-- Exercise objective --
Copy the data below exactly. Any pictures in it should be omitted.

-- Information shown --
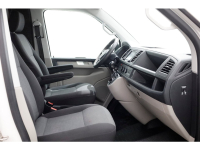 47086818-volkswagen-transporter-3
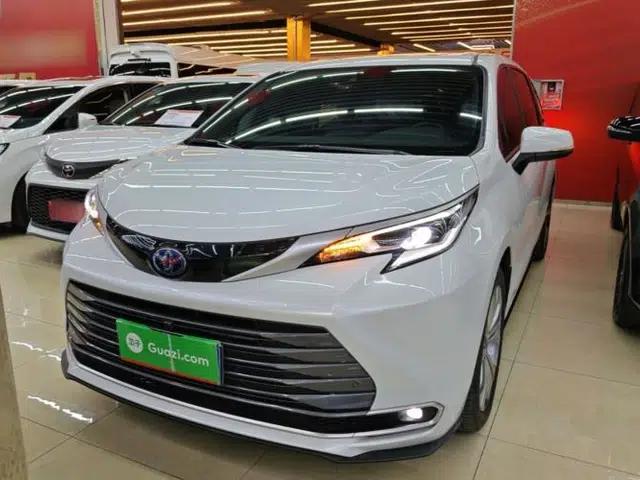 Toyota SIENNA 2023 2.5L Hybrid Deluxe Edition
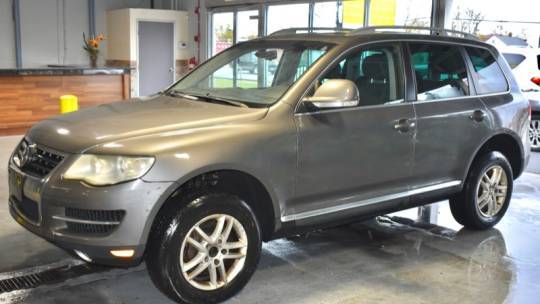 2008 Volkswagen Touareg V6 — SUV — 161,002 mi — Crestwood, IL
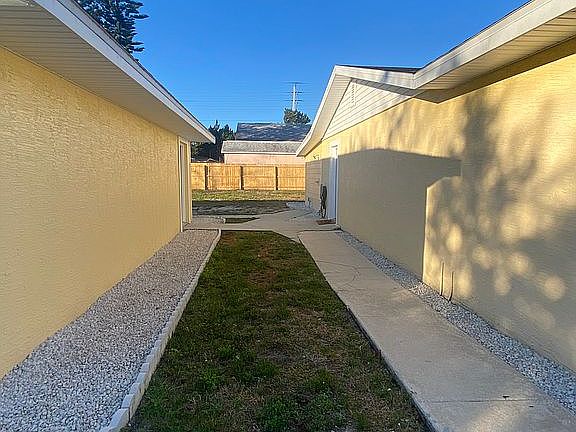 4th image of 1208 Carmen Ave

-- Task output --
 47086818-volkswagen-transporter-3
 Toyota SIENNA 2023 2.5L Hybrid Deluxe Edition
 2008 Volkswagen Touareg V6 — SUV — 161,002 mi — Crestwood, IL
 4th image of 1208 Carmen Ave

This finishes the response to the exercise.